## Data block
═══
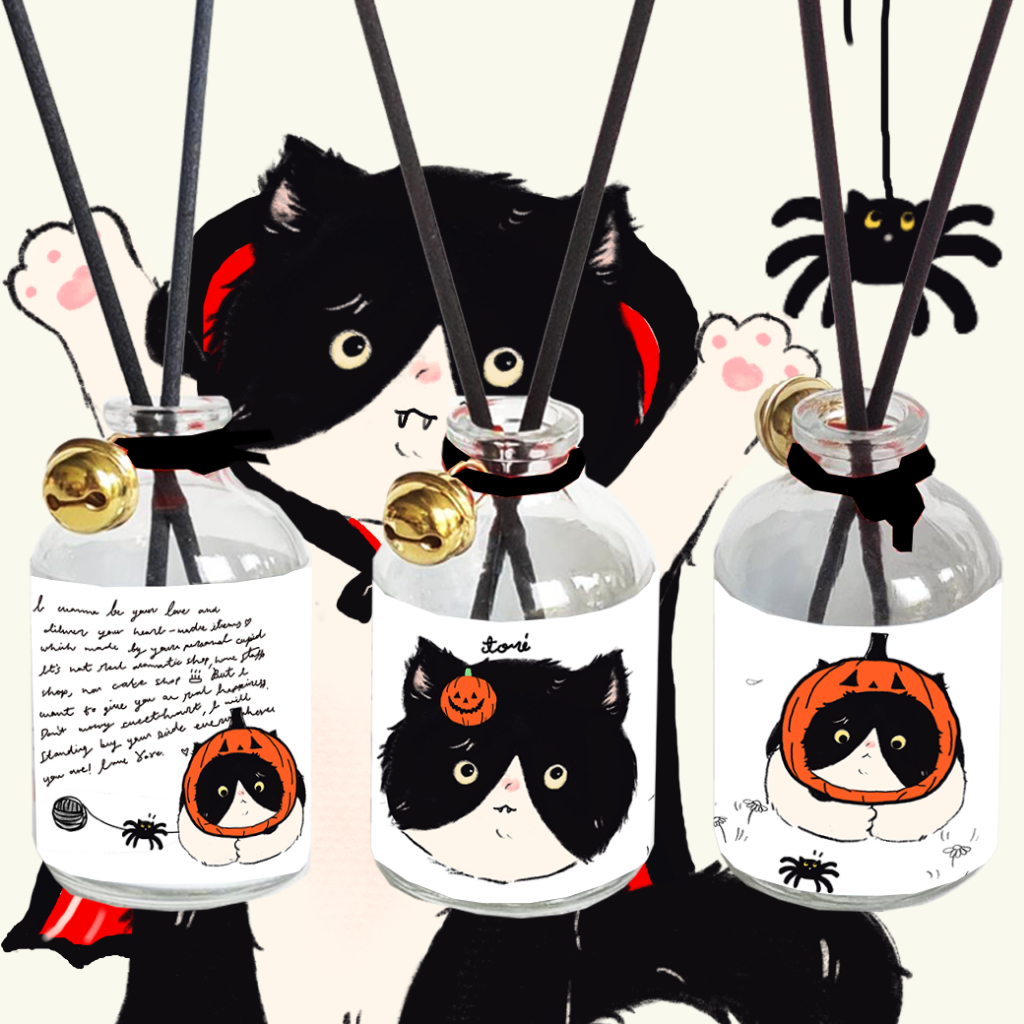 TORIAROMA HALLOWEEN JUJU CAT SS Diffuser 🎃👻🐈‍⬛ อัพเกรดห้องให้น่ารัก วางแล้วดูเกาหลี หอมฟุ้ง 50ml. นาน 1 เดือน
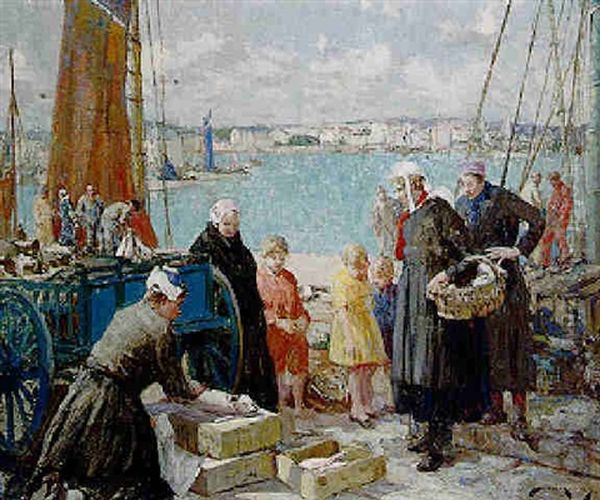 Bretonnes Faisant Leur Marche Sur Le Port De Concarneau Oil Painting by William Lee-Hankey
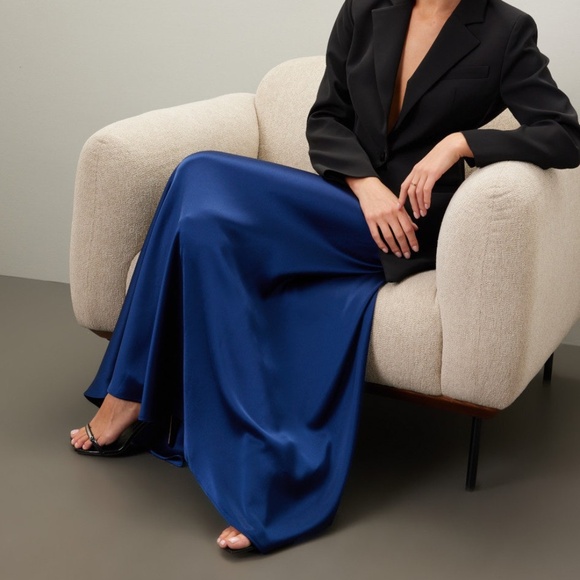 Polo Ralph Lauren Satin cobalt MAXI Skirt, 0 - Picture 3 of 14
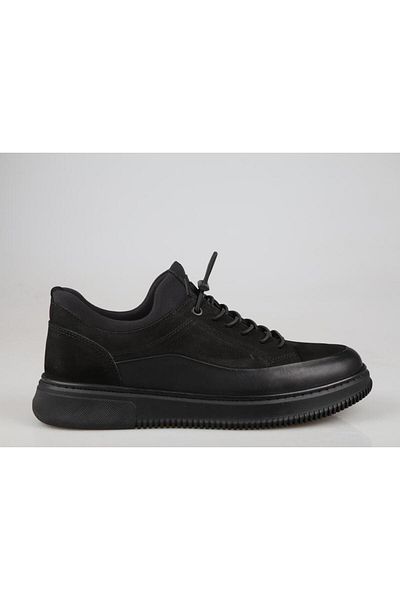 KOMCERO 3k1232 Genuine Leather Black Nubuck Men's Casual Shoes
═══
## About this task
Your task is to reproduce exactly the lines from the one that holds "Polo Ralph Lauren" to the last line of the listing, and only those, omitting the pictures.

## Problem solution
 Polo Ralph Lauren Satin cobalt MAXI Skirt, 0 - Picture 3 of 14
 KOMCERO 3k1232 Genuine Leather Black Nubuck Men's Casual Shoes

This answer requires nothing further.